PORTRAIT C'est l'héroïne principale du feuilleton marital qui secoue l'Italie: Veronica Lario, Madame Berlusconi depuis 19 ans. Dernier épisode en date, qui pourrait sonner le générique de fin de ce soap à l'italienne: sa demande de divorce...

Marina Bellot

— 

Veronica Berlusconi le 30 mai 2005
Veronica Berlusconi le 30 mai 2005 — DANIEL DAL ZENNARO/EPA/SIPA

Elle est à la Une de tous les quotidiens italiens, et dans les journaux du monde entier: Veronica Lario, brune pulpeuse aux yeux bleus de 51 ans.

Pourtant, sous ses airs de créature de magazine, Madame Berlusconi est restée plutôt discrète. Voire secrète. D’elle, on connaît finalement peu de choses: son goût pour le jardinage et ses penchants littéraires proustiens, c’est à peu près tout.

En 19 ans de mariage et 30 ans de vie commune avec son fougueux mari, la jeune femme a accepté sans résistance d’alimenter l’image de bon père de famille de Silvio Berlusconi. Il n’y a qu’à voir la pose qu’elle prend sur ces photos de famille.

Campagne familiale

Elle s’est appliquée à jouer son rôle de mère, élevant ses trois enfants, Barbara, Eleonora et Luigi (24, 22 et 20 ans aujourd’hui), à l’abri du monde politico-médiatique de leur père, leur interdisant même de regarder le petit écran.
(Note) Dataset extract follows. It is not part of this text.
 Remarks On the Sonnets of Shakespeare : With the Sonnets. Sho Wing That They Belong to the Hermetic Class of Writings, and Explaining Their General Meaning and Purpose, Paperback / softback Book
Peut-être parce qu’elle en connaissait les rouages et en avait subi les désillusions. Car l’ancienne actrice de séries B n’a jamais réussi à percer sur le grand écran, se contentant de multiplier les seconds rôles. Celui qui a marqué sa carrière, c’est cette apparition dans le film d’horreur «Ténèbres» de Dario Argento en 1982. Scène culte mais lapidaire dans laquelle elle se fait assassiner par un tueur en série.



C’est d’ailleurs en se produisant au théâtre Manzoni à Milan qu’elle aurait séduit son futur mari. C’était en 1980 et, selon «Arrêt sur images», elle y dénudait sa poitrine dans une scène du «Cocu magnifique».
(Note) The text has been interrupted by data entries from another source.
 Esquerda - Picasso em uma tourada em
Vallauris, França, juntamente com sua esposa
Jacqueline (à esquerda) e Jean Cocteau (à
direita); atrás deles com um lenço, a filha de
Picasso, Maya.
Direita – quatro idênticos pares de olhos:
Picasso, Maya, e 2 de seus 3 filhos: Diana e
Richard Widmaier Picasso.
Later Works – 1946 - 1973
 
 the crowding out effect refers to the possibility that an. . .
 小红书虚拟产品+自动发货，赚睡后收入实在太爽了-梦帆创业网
Avis contraire en politique

Sur le plan politique aussi, elle affiche ses positions iconoclastes: elle ne soutient pas la guerre d'Irak, vote «oui» au référendum sur la procréation assistée et, surprise, révèle qu’elle n’a pas toujours voté Forza Italia, le parti de son mari.
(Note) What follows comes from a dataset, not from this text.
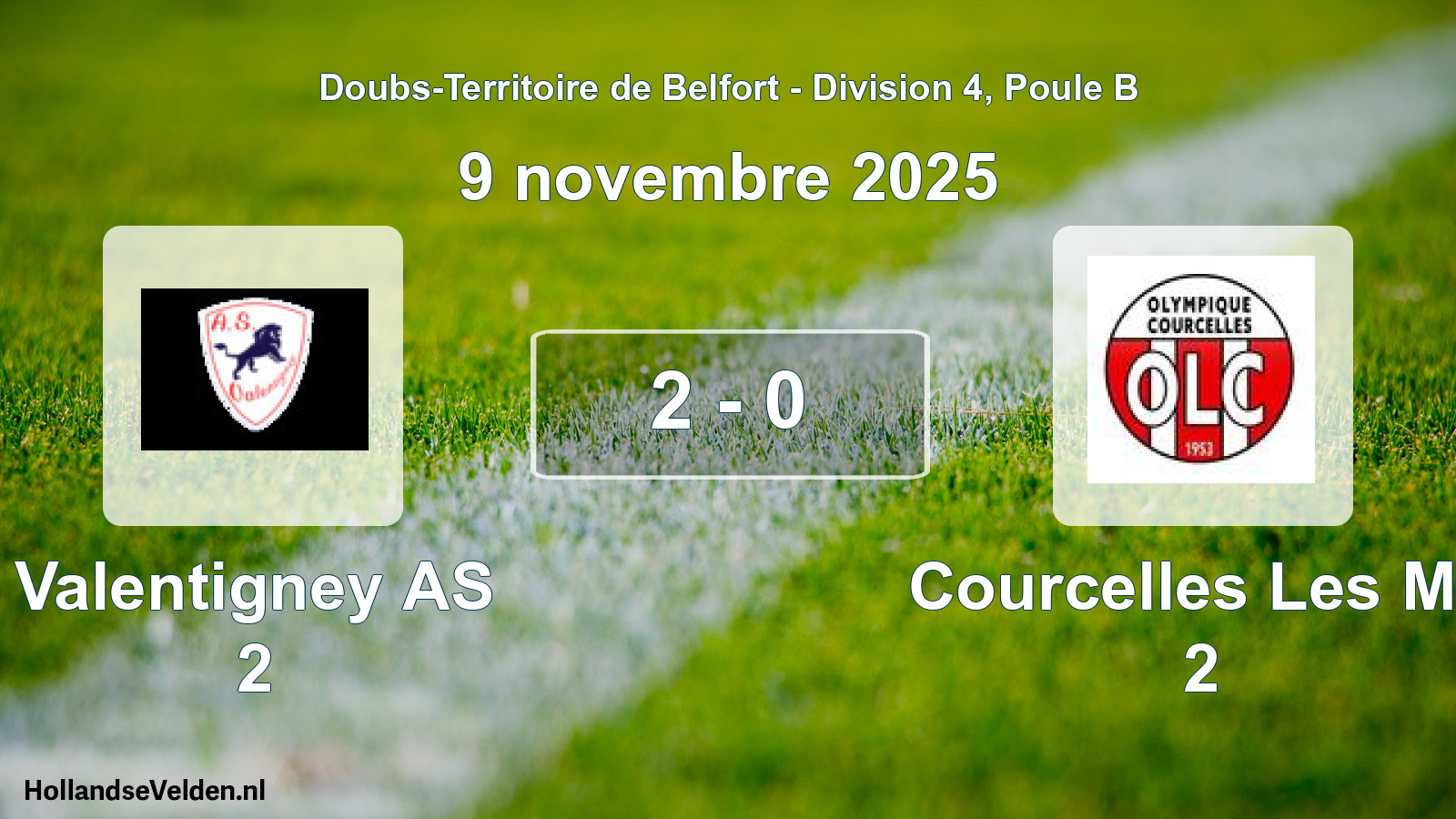 Total number of matches played: Valentigney AS 2 - Courcelles Les Mo 2 2 - 0 (9 November 2025)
Bien que peu adepte des déclarations publiques, Veronica a multiplié ces derniers temps les coups d’éclat médiatiques. Il y a deux ans, en janvier 2007, elle exigeait des excuses publiques, dans une lettre ouverte au journal «La Repubblica», alors que son mari avait fait la cour à une députée de son parti. Monsieur s’était exécuté, avec ces mots: «Je conserve ta dignité dans mon cœur comme un bien précieux».

Mais le cœur n’y est plus. Aujourd’hui, c’en est trop: quand elle apprend la présence de son mari, dimanche 26 avril, à la soirée d’anniversaire donnée par une jeune fille, Noemi Letizia, pour ses 18 ans. «Il n’est jamais venu à aucun des dix-huitième anniversaire de ses enfants!», s’est indignée son épouse.

Plus remontée que jamais, elle sonne la charge finale contre son mari. «Les sondages indiquent que les déclarations de Veronica Lario n’ont eu, avant l’annonce du divorce, aucune incidence sur l’électorat, écrit Libération. La séparation changera-t-elle la donne?»